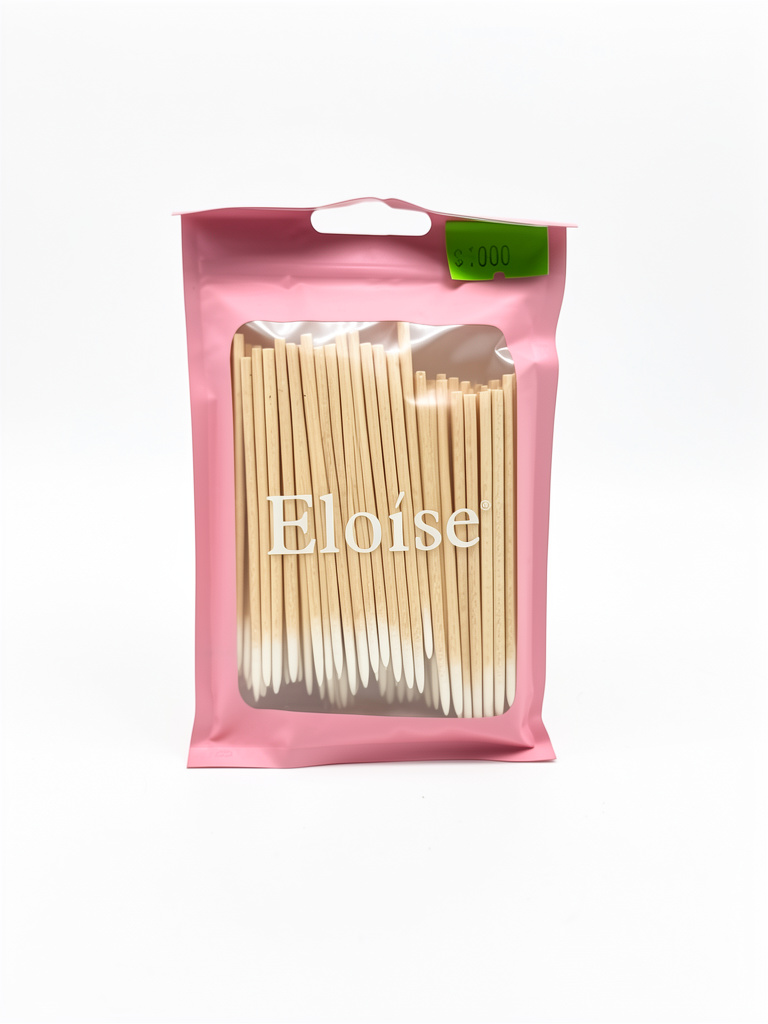 Microhisopo de madera Eloise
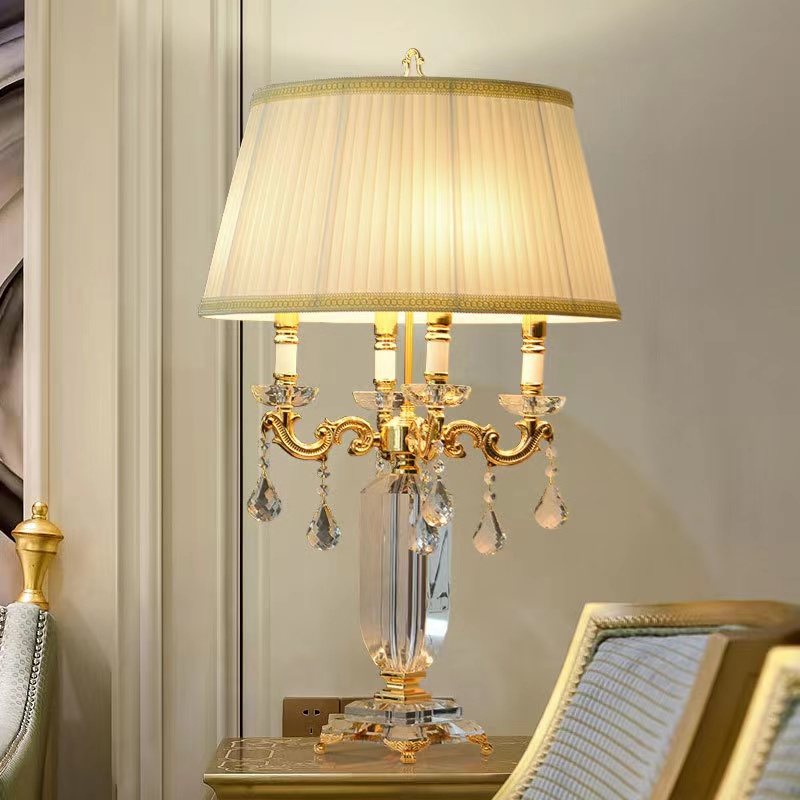 Candelabra Table Lamps Elegant Lighting Solutions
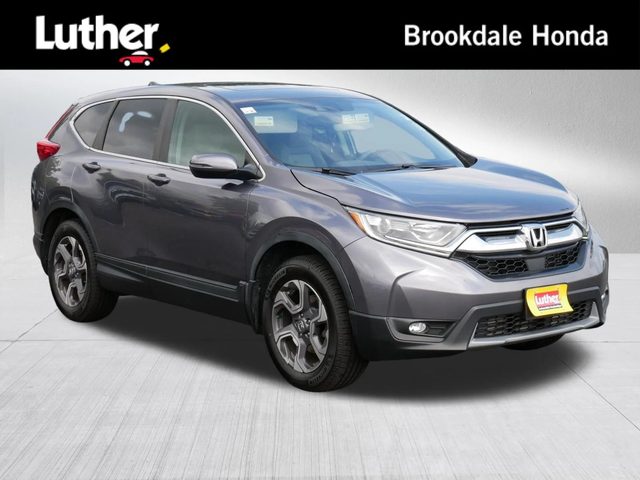 2017 Honda CR-V EX AWD photo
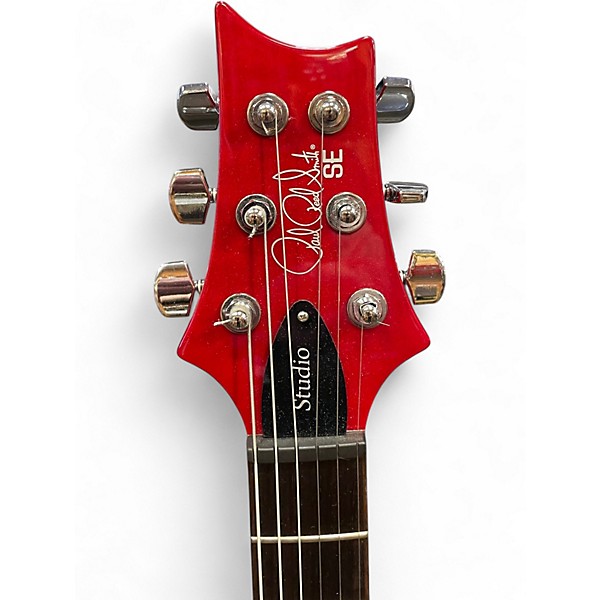 Used PRS SE STUDIO 2 Color Sunburst Solid Body Electric Guitar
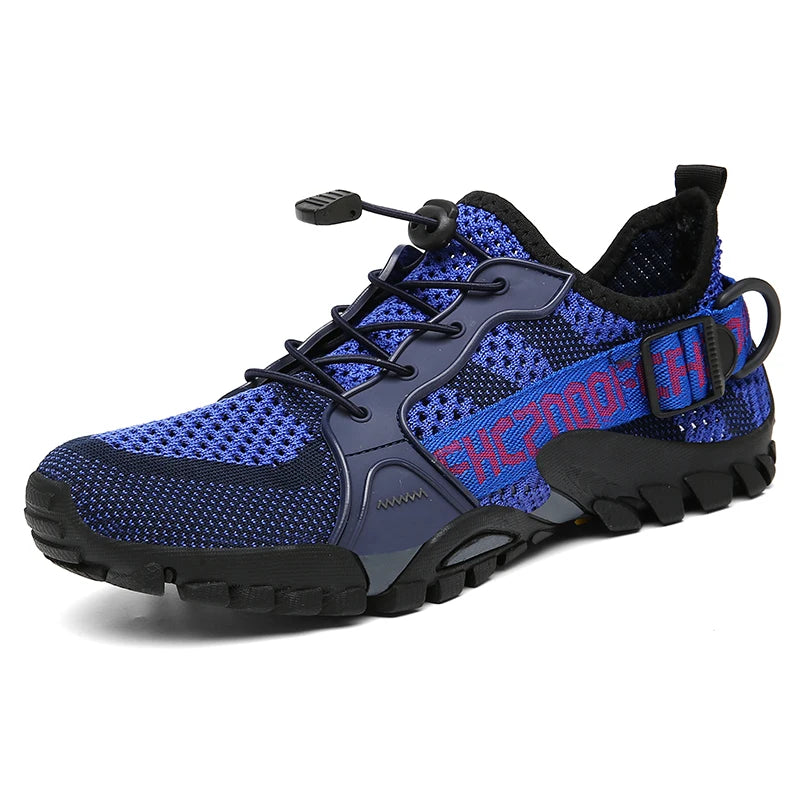 Summer Hiking Shoes – Unisex Quick-Dry Aqua Shoes for Outdoor Adventures image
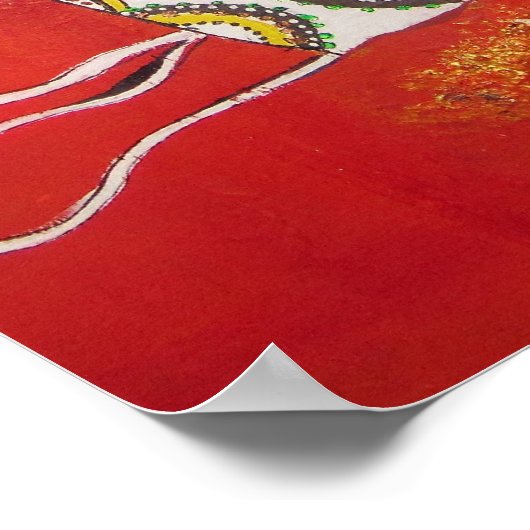 Spirit Boab Poster (Hoek)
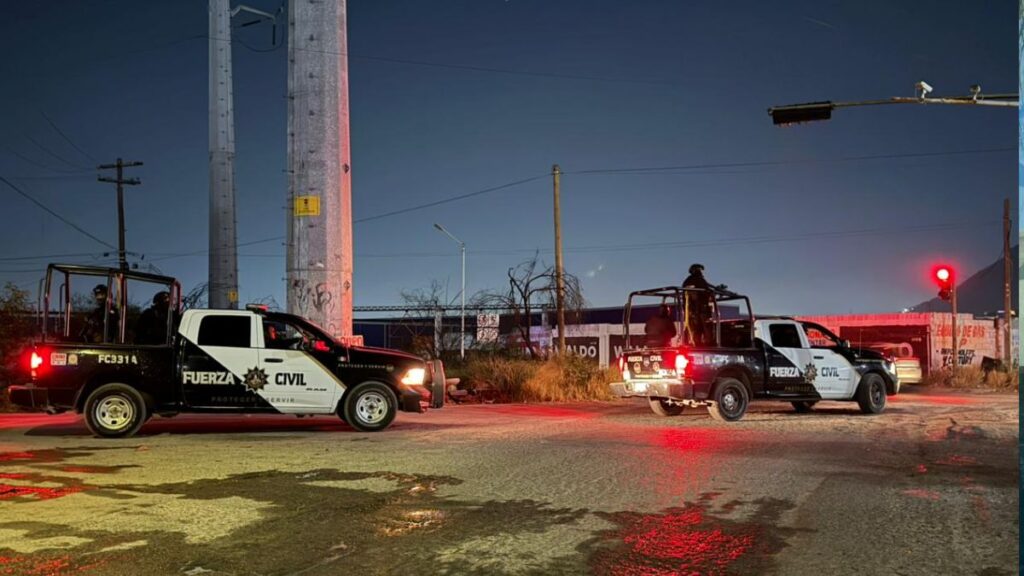 Nuevo León reporta 742 homicidios en 2025: diciembre cierra con 43 casos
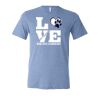 3413 Adult Extra Soft Tri-blend Tee Thumbnail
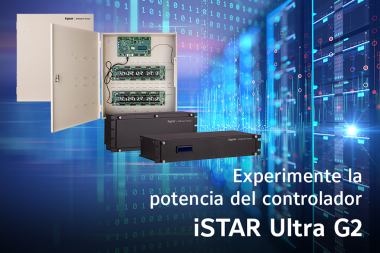 iSTAR Ultra G2: controlador de puertas ciber resistente  de próxima generación de Johnson Controls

+++++

Your task is to set down every entry exactly, leaving out any picture it contains.

- EXERCISE RESPONSE:
 Microhisopo de madera Eloise
 Candelabra Table Lamps Elegant Lighting Solutions
 2017 Honda CR-V EX AWD photo
 Used PRS SE STUDIO 2 Color Sunburst Solid Body Electric Guitar
 Summer Hiking Shoes – Unisex Quick-Dry Aqua Shoes for Outdoor Adventures image
 Spirit Boab Poster (Hoek)
 Nuevo León reporta 742 homicidios en 2025: diciembre cierra con 43 casos
 3413 Adult Extra Soft Tri-blend Tee Thumbnail
 iSTAR Ultra G2: controlador de puertas ciber resistente  de próxima generación de Johnson Controls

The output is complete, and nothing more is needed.